They aren’t wrong. Meaning-making when it comes to cinema, after all, can vary considerably. Crouching Tiger, Hidden Dragon, which popularized the wuxia film among Western audiences, was seen as slow-paced and Western among Chinese audiences. What Western audiences will likely miss underneath RRR’s visual lucidity are the troubling ideological underpinnings of Hindu nationalism.

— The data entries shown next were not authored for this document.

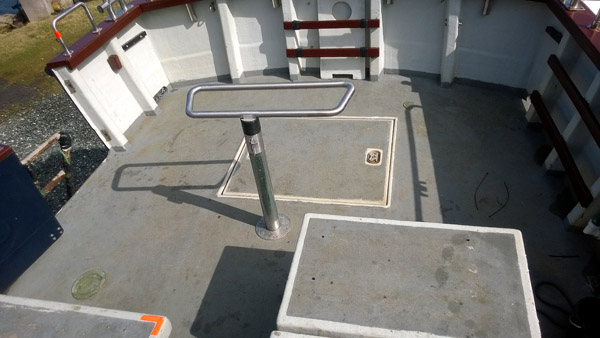 Handrail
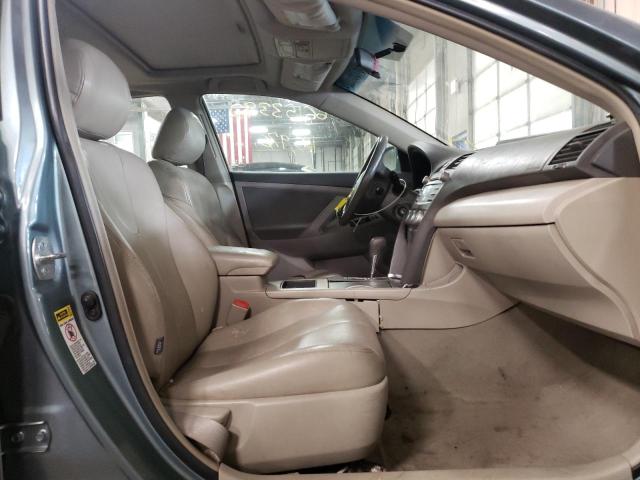 Photo 5 from auction – 2009 TOYOTA CAMRY BASE with VIN 4T1BE46K09U856409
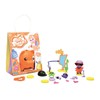 Pocket Money Piggies Pop Star Pack, Orange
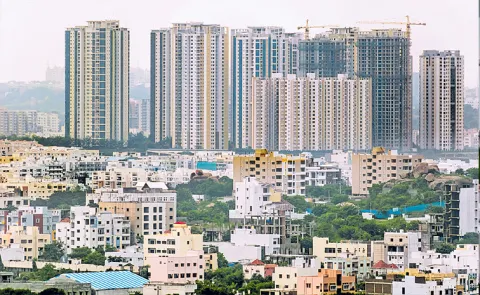 Misuse of Occupancy Certificates: Illegal Constructions Thrive in Hyderabad Gated Communities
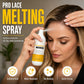 💇50% OFF NOW! Strong Hold Lace Melting Spray‑Quick‑Drying Water‑Resistant Lace Adhesive Spray, No‑Residue All‑Day Hold for Wigs & Lace Frontals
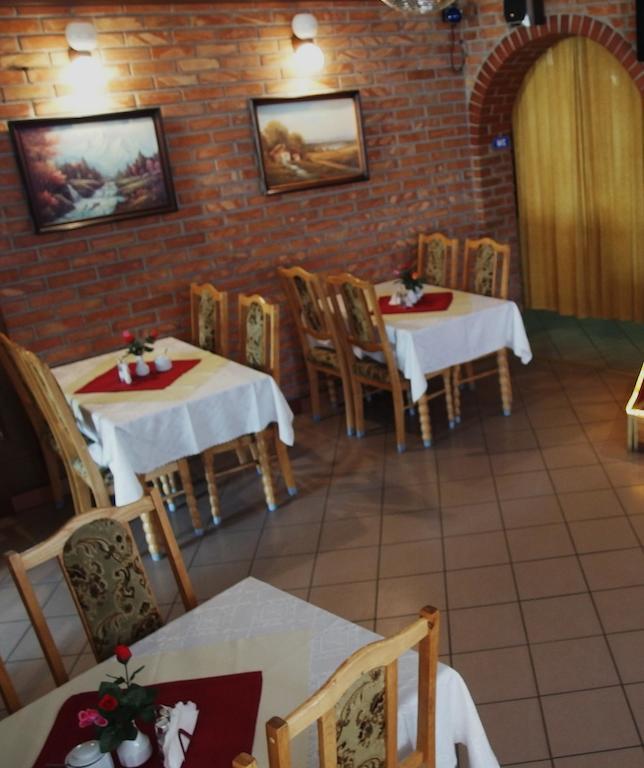 Hotelik Mazury Olecko Exterior foto
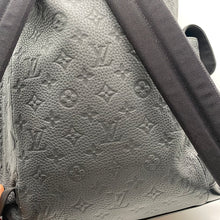 Load image into Gallery viewer, Louis Vuitton Black Monogram Backpack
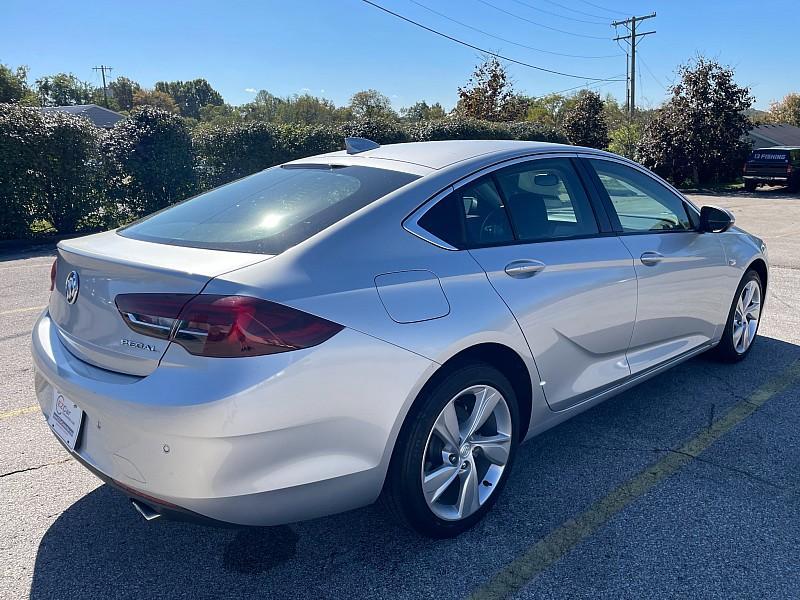 used 2019 Buick Regal Sportback car, priced at $17,990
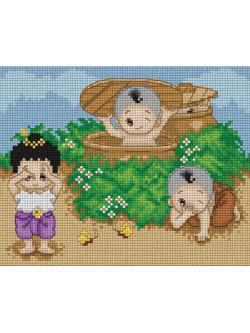 Pinn เล่นซ่อนหา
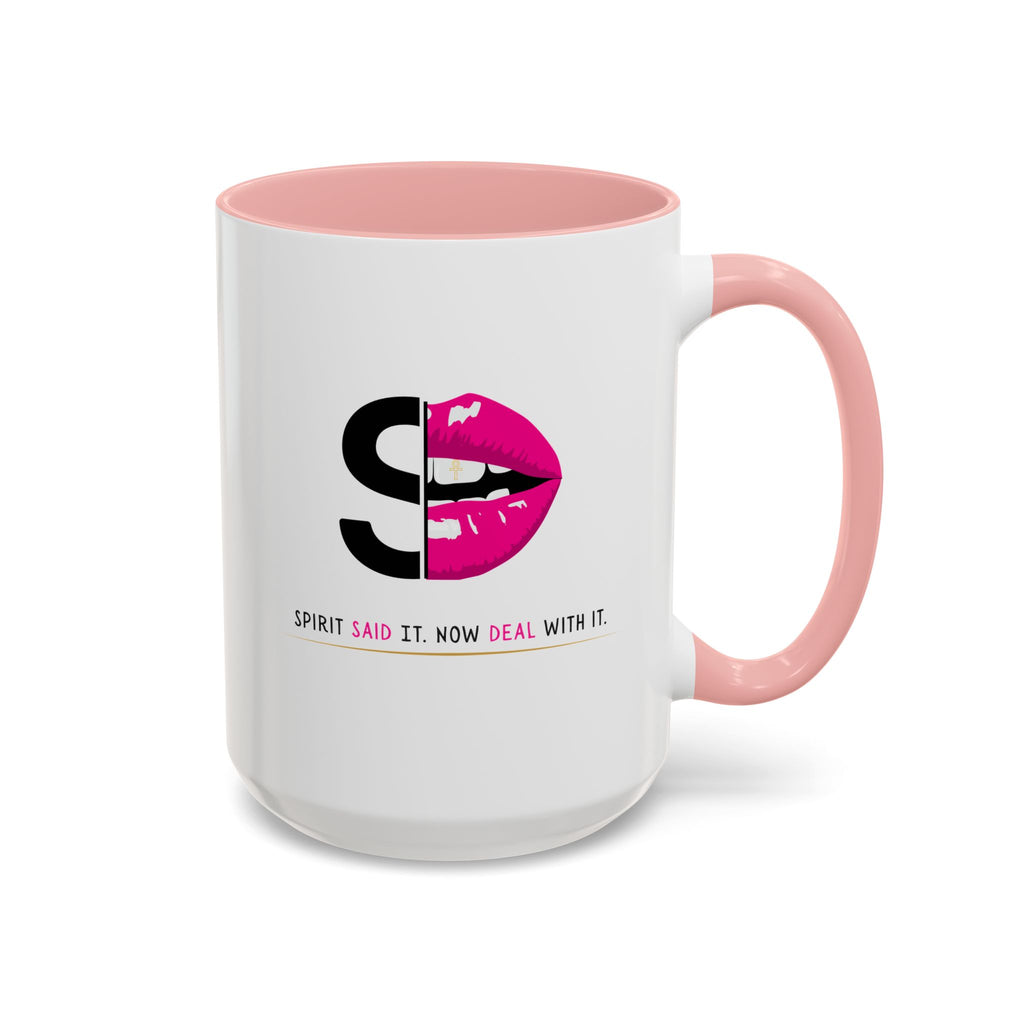 Spirit Led Statement Mug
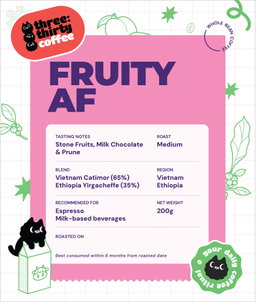 Fruity AF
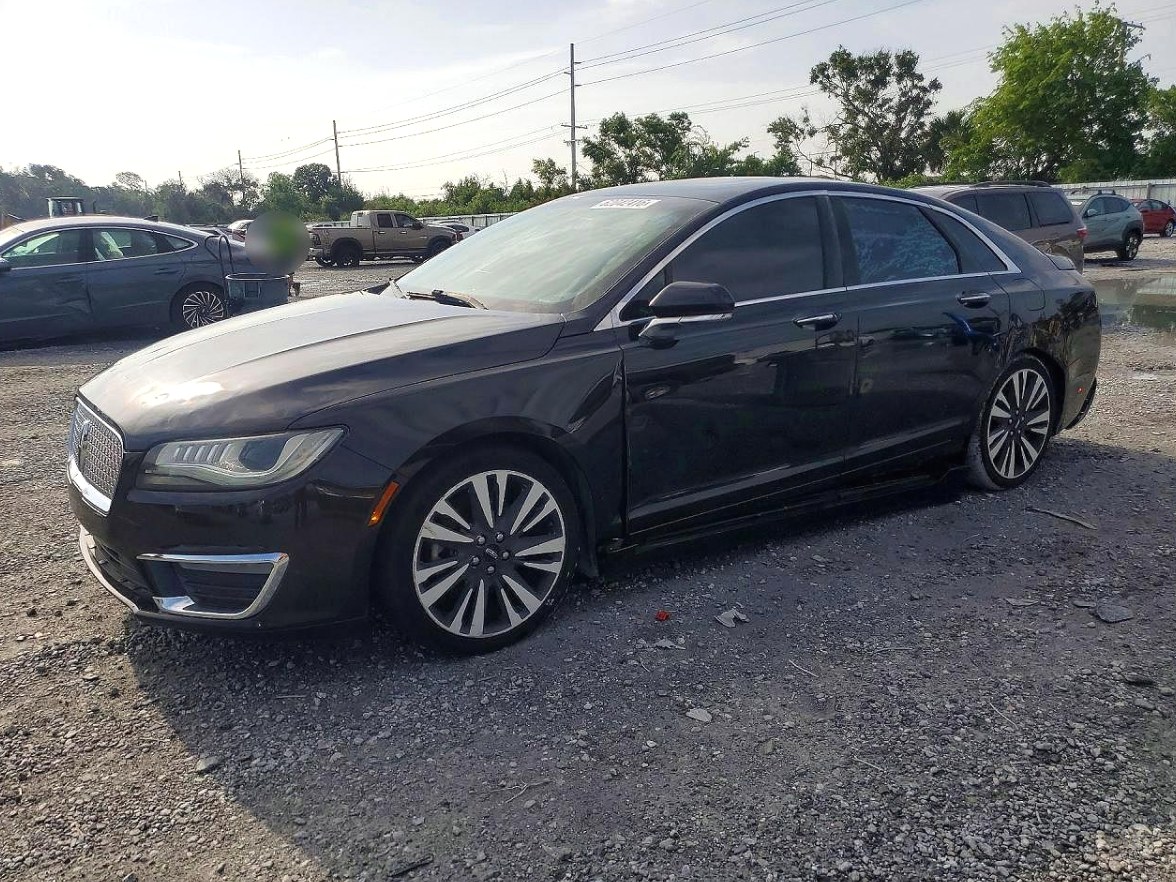 2017 Lincoln Mkz
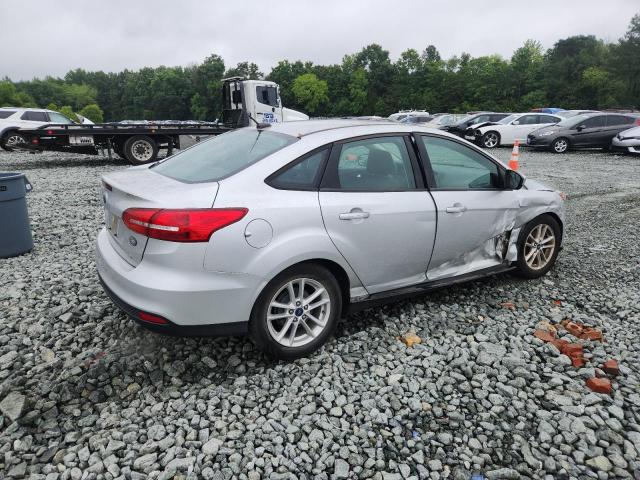 Sedans FORD FOCUS 2018 Silver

The first major film genre in India was the devotional film, which put gods on screen and encouraged viewing as an act of veneration. In his book Seeing is Believing, Indian film critic Chindananda Das Gupta estimated that 70% of the films made before 1923 in India fell into this genre. Even a century later, grandiose religiosity powers its biggest hits like RRR. In one breathtaking moment in the film, British police officers in a tenebrous forest hunt for Ram who has just escaped from a prison with Bheem. As a giant flashlight illuminates a figure in the distance, a silhouette of a long-haired man wielding a bow and arrow appears. Every Indian viewer will be unmistakably familiar with this mythic image, meant to represent Prince Ram, the Hindu embodiment of virtue and courage. The Ramayana, an Odyssean tale of a banished prince who crosses the sea with a band of monkeys to rescue Princess Sita, is one of two paramount texts in Hinduism. The utopia of a Ramrajya, a kingdom of Ram, galvanizes the political agenda of the Indian ruling party—the BJP—which in the past seven years has moved India from its more secular roots into a Hindu theocracy.
Several scenes then have a slightly chilling quality to viewers living under the constant threat of Hindutva authoritarianism. When Ram’s father tells him "every hand will have a weapon," he may have well been talking about paramilitary organiZations like the RSS which have made militarizing Hindus a key part of their agenda. In the movie’s final uplifting song extolling the virtues of nationalist struggles, several freedom fighters from the Indian independence movement are referenced. Yet three of the biggest names are conspicuously missing: Gandhi, whose secular and nonviolent Hinduism was at odds with the BJP’s and was murdered by a right-wing Hindu ideologue; Ambedkar, a member of the formerly untouchable castes instrumental in leading mass protests against the caste system and father of the Indian constitution; and Nehru, India’s first prime minister whose image Narendra Modi, the current prime minister, is in a one-sided battle to topple.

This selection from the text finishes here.